We start at the highest link because it lets us skip over lower elements. We begin by following the head element's top link to Bob. At this point we can ask ourselves, does Bob come before or after Dave? If it comes before Dave, then we know Dave, if he's in the list, must exist somewhere to the right of Bob. If Bob comes before Dave, then Bob must exist somewhere between where we're currently positioned and Bob. In this case, Dave comes after Bob alphabetically, so we can repeat our search again from the Bob element. Notice that by moving onto Bob, we are skipping over Alice. At Bob, we repeat the search at the same level. Following the top-most pointer we reach Dave. Since we have found what we are looking for, we can stop searching.

Now, imagine that we wanted to search for Cal. We'd begin by starting at the head element, and then moving onto Bob. At Bob, we'd start by following the top-most reference to Dave. Since Dave comes *after* Cal, we know that Cal must exist somewhere between Bob and Dave. Therefore, we move down to the next lower reference level and continue our comparison.

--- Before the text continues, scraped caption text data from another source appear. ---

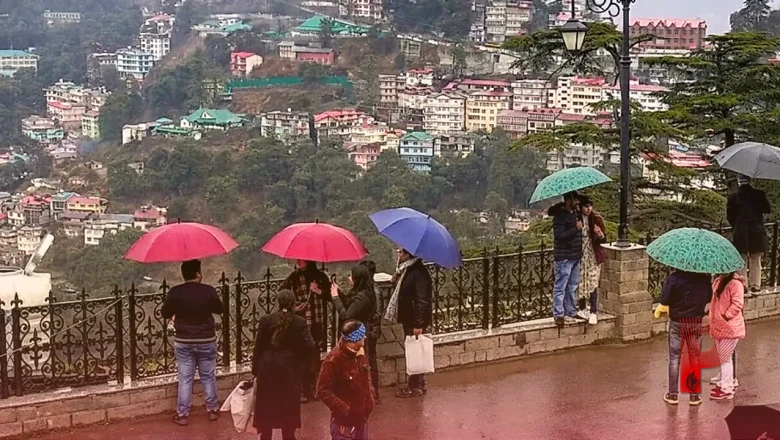 उत्तराखंड में मौसम का कहर: बागेश्वर और चमोली समेत कई जिलों में भारी बारिश का अलर्ट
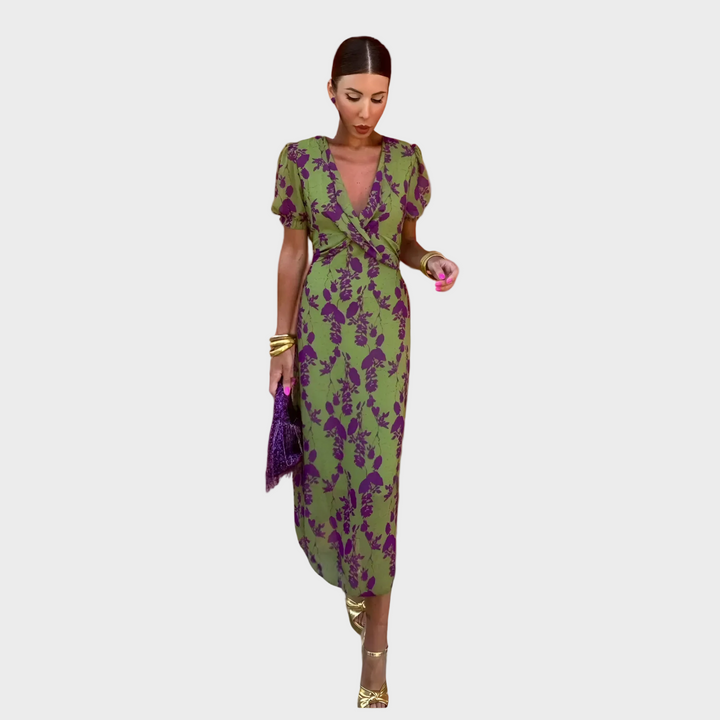 Andrea™ | Rochie de primăvară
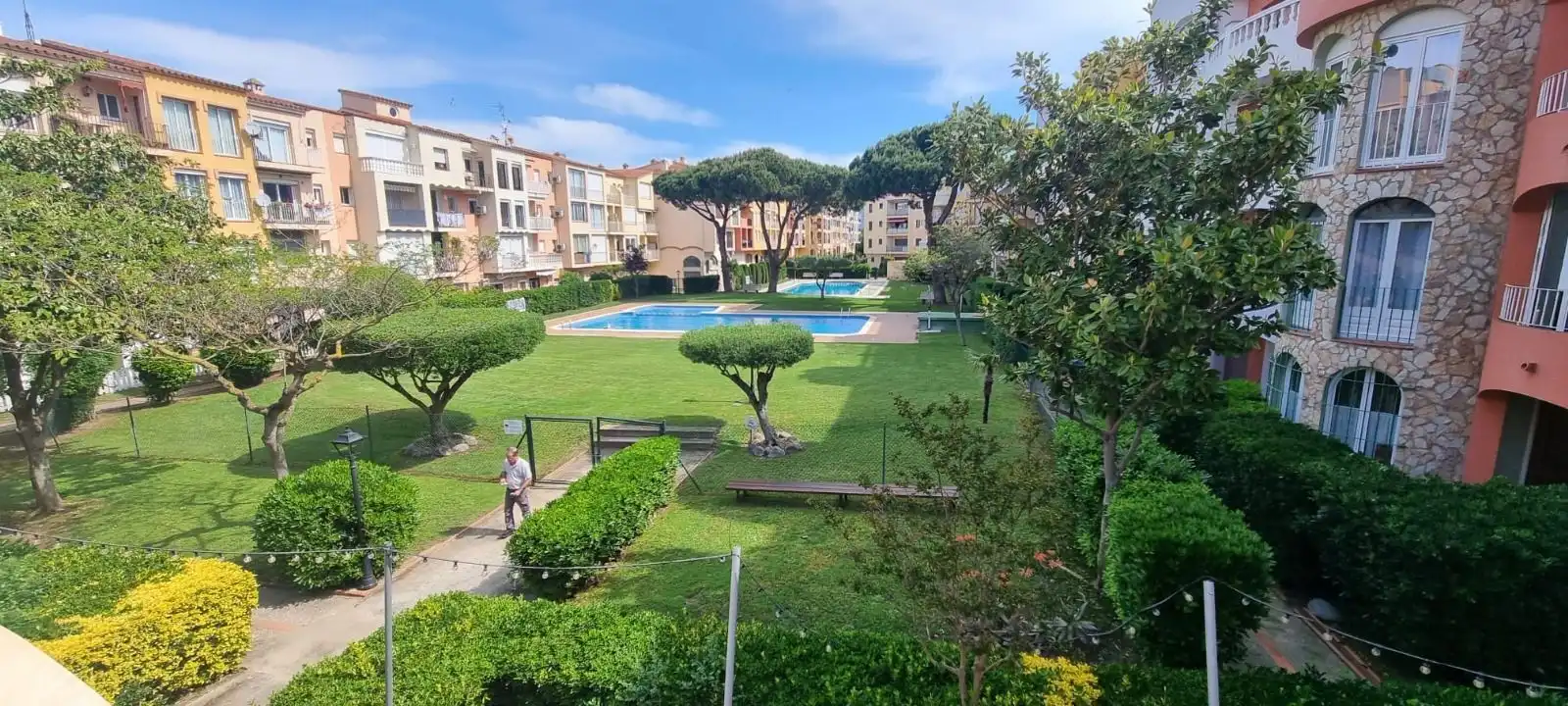 Apartament amb piscina en venda a GRAN RESERVA, imagen 9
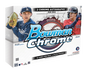 Topps Bowman Chrome Baseball 2025 - Hobby Box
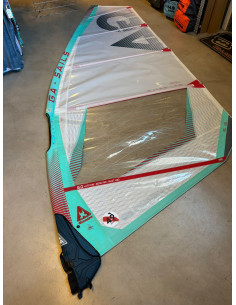 GAASTRA - HYBRID HD 6.0 2025 - USATA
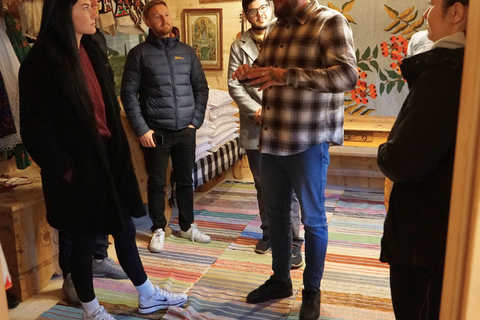 克拉科夫：扎科帕内之旅、烈酒品鉴和温泉克拉科夫：%%折扣扎科帕内之旅和温泉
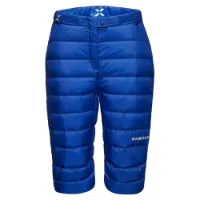Mammut Eiger Nordwand Light Down Insulated Shorts Mammut Eiger Nordwand Light Down Insulated Shorts
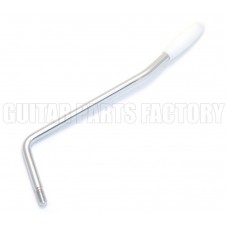 BP-2321-010 Chrome 5.5mm Mexican Tremolo Arm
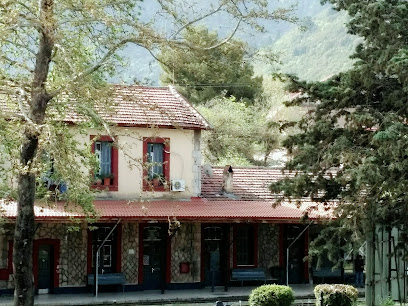 Hotel Villa Kalavryta
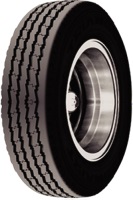 Photos - Truck Tyre Triangle TR666 10 R20 149L 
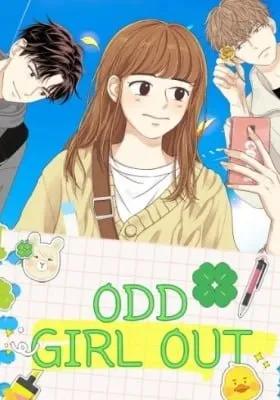 Odd Girl Out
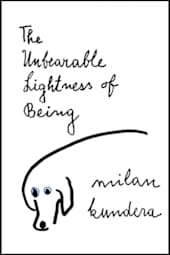 The Unbearable Lightness of Being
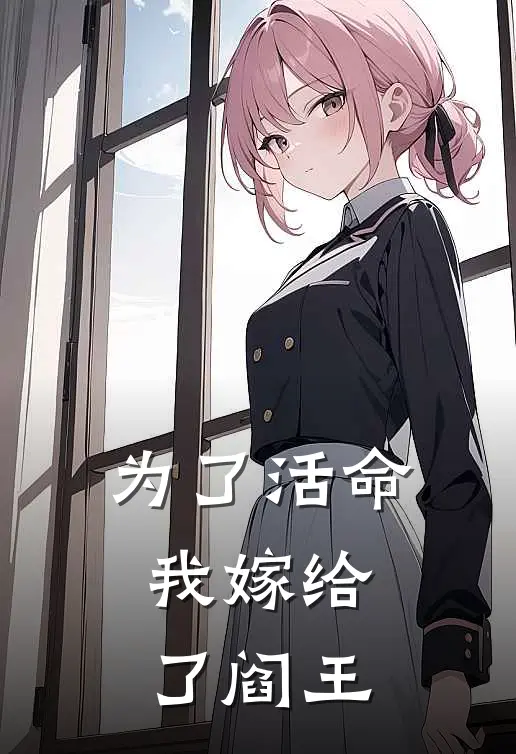 为了活命，我嫁给了阎王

The efficiency of such a linked list arises because we are able to move two elements over every time instead of just one. This makes the running time on the order of *n*/2, which, while better than a regular sorted link list, is still an asymptotically linear running time. Realizing this, Pugh wondered what would happen if rather than limiting the height of an element to 2, it was instead allowed to go up to log_{2} *n* for *n* elements. That is, if there were 8 elements in the linked list, there would be elements with height up to 3. If there were 16 elements, there would be elements with height up to 4. As Figure 12 shows, by intelligently choosing the heights of each of the elements, the search time is reduced to log_{2} *n*.

**Figure 12. By increasing the height of each node in a skip list, better searching performance can be gained.**

Notice that in the nodes in Figure 12, every 2^{i}^{th} node has references 2^{i} elements ahead (that is, the 2^{0} element). Alice has a reference to 2^{0} elements ahead—Bob. The 2^{1} element, Bob, has a reference to a node 2^{1} elements ahead—Dave. Dave, the 2^{2} element, has a reference 2^{2} elements ahead—Frank. Had there been more elements, Frank—the 2^{3} element—would have a reference to the element 2^{3} elements ahead.

The disadvantage of the approach illustrated in Figure 12 is that adding new elements or removing existing ones can wreak havoc on the precise structure. That is, if Dave is deleted, now Ed becomes the 2^{2} element, and Gil the 2^{3} element, and so on. This means *all* of the elements to the right of the deleted element need to have their height and references readjusted. The same problem crops up with inserts. This redistribution of heights and references would not only complicate the code for this data structure, but would also reduce the insertion and deletion running times to linear.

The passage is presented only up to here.